Why You Can’t Use Your Health Savings for These 5 Common Items
By Catherine Reed | Originally posted on Inkl
HSAs feel like a cheat code until a receipt gets questioned and you realize “health-related” isn’t the same as “HSA-eligible.” A lot of people are hearing about an HSA overhaul for 2026 and assuming it changes what you can buy, but most of the confusion comes from eligibility expansions, not a brand-new shopping list of items. The rules still hinge on whether something is a qualified medical expense under IRS standards, not whether it looks like wellness. If you use HSA funds on ineligible purchases, you can trigger taxes and potential penalties, which turns a “smart” move into an expensive one. Here are five everyday items people try to swipe with an HSA that still commonly do not qualify unless very specific conditions apply.
1. Gym Memberships and Fitness Classes (Even After the HSA Overhaul)
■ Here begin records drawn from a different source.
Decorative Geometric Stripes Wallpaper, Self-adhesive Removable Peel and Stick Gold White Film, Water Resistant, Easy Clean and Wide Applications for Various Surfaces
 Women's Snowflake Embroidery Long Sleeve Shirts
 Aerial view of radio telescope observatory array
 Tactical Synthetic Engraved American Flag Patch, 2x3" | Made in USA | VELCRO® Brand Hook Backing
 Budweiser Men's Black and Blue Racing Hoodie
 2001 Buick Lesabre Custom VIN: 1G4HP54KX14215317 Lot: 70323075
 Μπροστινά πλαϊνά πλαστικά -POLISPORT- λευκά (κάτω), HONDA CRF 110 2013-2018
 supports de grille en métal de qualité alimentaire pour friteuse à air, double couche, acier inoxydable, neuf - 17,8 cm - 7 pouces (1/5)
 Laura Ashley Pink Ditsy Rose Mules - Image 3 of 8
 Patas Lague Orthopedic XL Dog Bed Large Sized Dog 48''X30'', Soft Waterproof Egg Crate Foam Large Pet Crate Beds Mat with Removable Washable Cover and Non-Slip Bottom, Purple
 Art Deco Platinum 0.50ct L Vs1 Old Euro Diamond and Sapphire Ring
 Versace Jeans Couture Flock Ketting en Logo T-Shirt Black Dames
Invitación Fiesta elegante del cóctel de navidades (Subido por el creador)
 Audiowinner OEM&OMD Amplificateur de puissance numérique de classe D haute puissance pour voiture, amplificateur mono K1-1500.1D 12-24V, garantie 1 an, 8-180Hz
Gym fees usually feel like health spending, but they’re typically considered general wellness and not a qualified medical expense. Even if the workout helps you, the IRS standard generally requires medical care, not preventive lifestyle spending. If you’re hearing the HSA overhaul made fitness automatically eligible, slow down, because that’s a common myth that spreads when policy headlines get simplified. In rare cases, a structured program can qualify when it’s tied to treating a specific diagnosed condition and properly documented, but the default is still “not eligible.” Your safer play is to keep gym costs in your regular budget and use HSA dollars for clearly qualified care instead.
2. Daily Vitamins, Supplements, and “Immune Boosters”
Most everyday vitamins and supplements are treated as general health items, which usually makes them ineligible. People assume “doctor recommended” equals eligible, but recommendations are not the same as treating a diagnosed medical condition with documentation. If you’re taking a supplement as part of a specific treatment plan, you may need supporting paperwork to justify it as a medical expense. This matters in 2026 because the HSA overhaul chatter can nudge people into swiping the HSA card for things that still do not meet the standard. When in doubt, separate “wellness routine” purchases from true medical expenses to avoid a nasty surprise later.
3. Toiletries and Personal Hygiene Basics
Toothpaste, shampoo, deodorant, soap, and similar items are usually considered personal hygiene, not medical care. The packaging might sit near “health” products, but the category is still typically non-reimbursable. Some people get tripped up because certain OTC health items are eligible while personal care items next to them are not. If you’ve been assuming the HSA overhaul changes this line, it generally does not, because the distinction is about medical necessity and classification, not convenience. A quick habit that helps is to treat drugstore-style “toiletries” as off-limits unless you can clearly explain the medical purpose.